For Zion's sake will I not hold my peace, and for Jerusalem's sake I will
not rest, until the righteousness thereof go forth as brightness, and the salva-
tion thereof as a lamp that burneth.-Isaiah lxii. 1.

And now abideth faith, hope, charity, these three; but the greatest of these
is charity.-1 Cor. xiii. 13.

Charity rejoiceth in the truth.-1 Cor. xiii. 6.

VOL. I.

PUBLISHED BY JOHN PRENTISS, KEENE, N. H.

AND

BOWLES & DEARBORN, BOSTON.

PRINTED AT KEENE, BY J. PRENTISS.

1828.

BRANT

Gut of

Mrs. Houry W. Phot,

10 Mag, 500

Vol. 1-2 1927-29

PREFACE.

It is believed that the greater portion of the American public are acquainted with Unitarian Christianity chiefly, if not solely, through the medium of prejudice. Its adherents have been denounced; its principles, its tendencies, its books, its teachers, stigmatized as poisonous, ruinous, disorganizing, infidel, undermining revelation and trampling upon the cross, injurious to society and fatal to the soul.

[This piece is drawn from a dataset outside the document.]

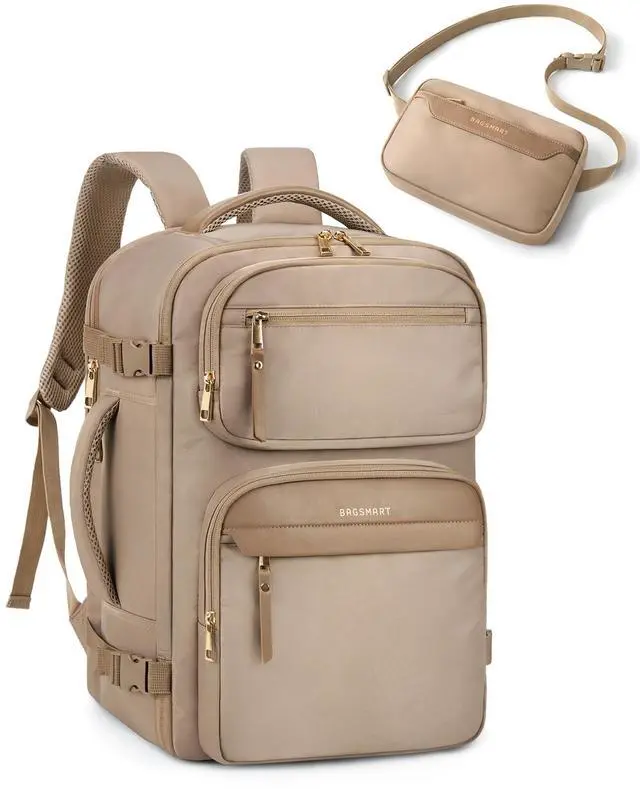 Main image of BAGSMART Womens Backpack Carry On Flight Approved, Travel Backpack for Women with Waist Bag,Traveling Lightweight Weekender Casual Daypack 17.3" Laptop Work Back pack Personal Item Bag,Champagne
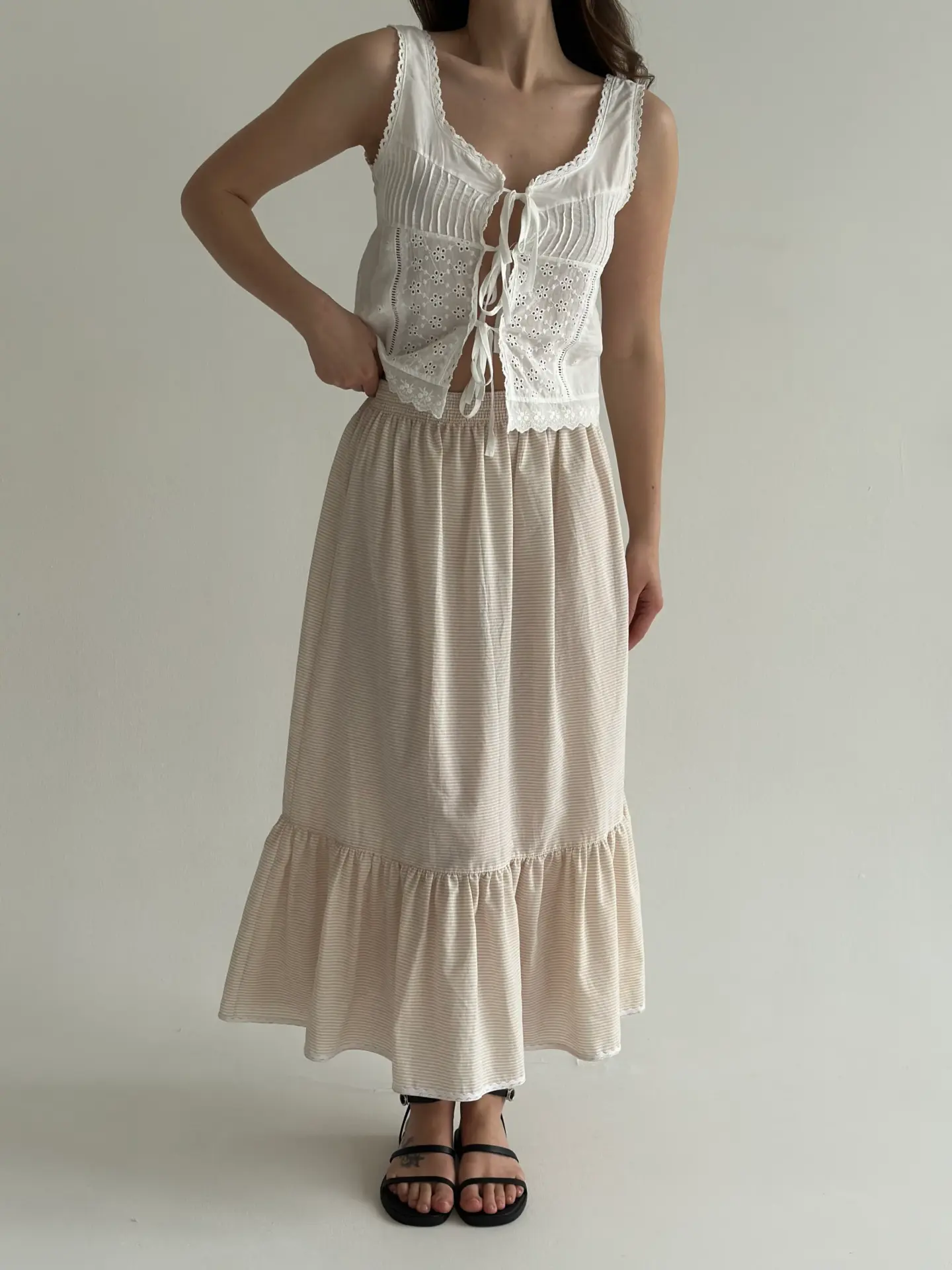 Спідниця котон тонка смужка довга з тасьмою беж/молоко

Of those who might be willing, if respectfully invited, to judge for themselves, many, from their situation, want the opportunity. The Liberal Preacher will supply all with the means of hearing. It in effect throws open the doors of our temples of worship even to the most distant. A voice from our pulpit may reach to every fireside. If it utters not the words of truth and faith and seriousness, breathes no right spirit, and conveys no glad tidings and saving influences to the hungry and perishing soul, let it speak no more.

The Liberal Preacher, while it would exert a proper influence on the present age, looks still further. Future generations may survey the present era of the Christian Church with a calmer interest. Existing controversies will then be tested by their merits, and party names and distinctions will be estimated by the memorials left behind them. Sermons, written in the course of professional duty, whether to unfold a truth, or to expose an error,-to root the latter from the understanding, and to plant the former in the heart,— are perhaps the best commentaries on tenets. The argument that convinces, and the eloquence that thrills now, will not lose strength or pathos by time. Let the Liberal Preacher exhibit a specimen of the pulpit labors, doctrinal and practical, of Unitarian Ministers, and the name which they bear will descend to after times as clear from the reproaches now cast upon it, as triumphant over the prejudice that gives them utterance, or haply the errors and the spirit that cherish it. EDITOR.

KEENE, JULY 1, 1827.

LIBERAL PREACHER.

VOL. I.]

JULY, 1827.

[No. 1.

SERMON 1.

BY REV. ORVILLE DEWEY, OF NEW-BEDford, Mass.

ON RELIGIOUS ANXIETY.

PHIL. ii. 12.—Work out your own salvation with fear and trembling, - THIS passage not only teaches us the necessity of diligent endeavors to obtain salvation, but also points out one characteristic of that state of mind with which they should be pursued ; and this characteristic is religious anxiety. "Fear and trembling," when they relate to an object to be gained or to be lost, necessarily involve this anxiety. I shall devote the usual season this morning, to the consideration of this subject. And I do so, the rather, because the circumstances of our past religious history, and the spirit of the times, I fear, expose this solicitude to misapprehension and distrust.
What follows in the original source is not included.